--- What you have to do ---
Work out how many lines below contain "Long". Provide only the figure.

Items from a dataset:
Start of Block

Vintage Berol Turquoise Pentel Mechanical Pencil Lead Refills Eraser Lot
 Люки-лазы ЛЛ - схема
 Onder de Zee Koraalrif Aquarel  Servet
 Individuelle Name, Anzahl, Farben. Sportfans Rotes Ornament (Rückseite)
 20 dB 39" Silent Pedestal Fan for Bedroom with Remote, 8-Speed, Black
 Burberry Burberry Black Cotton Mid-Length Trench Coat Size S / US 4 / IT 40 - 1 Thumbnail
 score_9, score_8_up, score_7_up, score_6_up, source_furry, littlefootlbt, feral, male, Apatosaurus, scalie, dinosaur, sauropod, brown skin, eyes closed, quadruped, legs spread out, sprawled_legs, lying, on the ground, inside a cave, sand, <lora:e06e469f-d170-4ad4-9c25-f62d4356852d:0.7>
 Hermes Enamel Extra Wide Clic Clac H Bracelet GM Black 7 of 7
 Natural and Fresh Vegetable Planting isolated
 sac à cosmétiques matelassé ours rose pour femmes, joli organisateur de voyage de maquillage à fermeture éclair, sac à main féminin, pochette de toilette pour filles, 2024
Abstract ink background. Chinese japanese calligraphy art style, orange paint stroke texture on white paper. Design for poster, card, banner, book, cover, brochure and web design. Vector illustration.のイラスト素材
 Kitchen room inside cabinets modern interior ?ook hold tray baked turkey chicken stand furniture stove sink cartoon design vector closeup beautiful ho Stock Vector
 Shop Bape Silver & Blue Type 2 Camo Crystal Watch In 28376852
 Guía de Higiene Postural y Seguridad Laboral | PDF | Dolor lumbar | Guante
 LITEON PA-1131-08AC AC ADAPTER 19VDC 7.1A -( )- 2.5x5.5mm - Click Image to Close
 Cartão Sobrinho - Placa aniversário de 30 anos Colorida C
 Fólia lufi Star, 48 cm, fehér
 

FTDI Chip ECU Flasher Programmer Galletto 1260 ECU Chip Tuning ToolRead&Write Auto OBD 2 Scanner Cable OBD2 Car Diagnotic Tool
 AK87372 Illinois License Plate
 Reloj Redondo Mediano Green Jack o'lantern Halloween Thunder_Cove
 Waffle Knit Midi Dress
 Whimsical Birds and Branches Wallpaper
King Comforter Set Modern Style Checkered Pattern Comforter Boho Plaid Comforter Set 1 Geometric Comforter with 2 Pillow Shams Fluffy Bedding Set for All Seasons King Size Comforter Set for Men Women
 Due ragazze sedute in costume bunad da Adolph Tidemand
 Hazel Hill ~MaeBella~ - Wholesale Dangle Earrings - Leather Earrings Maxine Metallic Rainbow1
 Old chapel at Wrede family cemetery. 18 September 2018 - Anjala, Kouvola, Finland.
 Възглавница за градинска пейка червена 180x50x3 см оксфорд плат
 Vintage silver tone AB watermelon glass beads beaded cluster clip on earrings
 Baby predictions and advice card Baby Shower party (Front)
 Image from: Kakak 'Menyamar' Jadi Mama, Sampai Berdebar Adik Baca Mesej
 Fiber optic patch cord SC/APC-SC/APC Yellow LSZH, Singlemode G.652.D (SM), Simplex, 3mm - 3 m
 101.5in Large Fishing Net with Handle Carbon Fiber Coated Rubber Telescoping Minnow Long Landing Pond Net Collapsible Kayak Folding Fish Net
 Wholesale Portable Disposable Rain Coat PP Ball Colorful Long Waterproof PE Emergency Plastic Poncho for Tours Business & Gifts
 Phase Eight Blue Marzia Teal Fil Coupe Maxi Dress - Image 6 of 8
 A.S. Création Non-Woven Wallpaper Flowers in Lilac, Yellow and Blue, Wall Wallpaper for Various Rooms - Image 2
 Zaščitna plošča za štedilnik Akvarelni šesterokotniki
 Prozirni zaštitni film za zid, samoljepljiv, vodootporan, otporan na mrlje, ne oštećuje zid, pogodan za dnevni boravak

End of Block

--- Written reply ---
2